I guess I kind of like hosting these on FTP and qiita, if possible.

The vsearch test data and the Mothur example data are really easy to download and this encourages reuse. While I use and love qiita, it's new and we can lower the barrier of entry with an FTP site. Could we host these files along with the other files on ftp://ftp.microbio.me?

@gregcaporaso
Copy link
Contributor Author

Are the files hosted in Qiita accessible through ftp @antgonza? I can't comment on ftp.microbiome.me - that's a Knight Lab resource.

@colinbrislawn
Copy link
Contributor

Oh if we could hard link to the files in qiita, that would remove the barrier of entry without duplicating effort. That would be perfect!

@gregcaporaso
Copy link
Contributor Author

Agree - that would be ideal.

@nbokulich
Copy link

Greg, didn't we copy all raw data to the taxa assignment github? Or still
in the S3 bucket? I know we have these deposited somewhere outside of qiita
already...

On Fri, Feb 12, 2016 at 9:18 AM, Colin Brislawn [email protected]
wrote:

Oh if we could hard link to the files in qiita, that would remove the
barrier of entry without duplicating effort. That would be perfect!
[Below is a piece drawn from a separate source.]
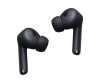 Xiaomi Buds 3T Pro - True Wireless-Kopfhörer mit Mikrofon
Reply to this email directly or view it on GitHub
#2105 (comment).

@gregcaporaso
Copy link
Contributor Author

@nbokulich, thanks for the reminder. We did, and those links are here and other relevant data here. I thought we had these on S3, in which case we'd be paying for the data transfer and it's pretty expensive there, but these are all already on ftp.microbio.me. So, I think we're good to go, and we can link to these and to the Qiita studies.

All good @colinbrislawn?

@colinbrislawn
Copy link
Contributor

I'm ready to start. Could you assign it to me?

I'll use ftp.microbio.me as much as possible, defaulting to the S3 links when needed. I'll also mention the qiita study IDs.

@colinbrislawn
Copy link
Contributor

I'll do this in waves, starting with qiita and Bokulich, 2013

The original study mentions these data sets:

where data set number can be found in Supplementary Table 7: data set 1, 719; data set 2, 1685; data set 3, 1686; data set 4, 1626; data set 5, 1687; data set 6, 1688; data set 7, 1683; data set 8, 1684; data set 9, 1689; and data set 10, 1690.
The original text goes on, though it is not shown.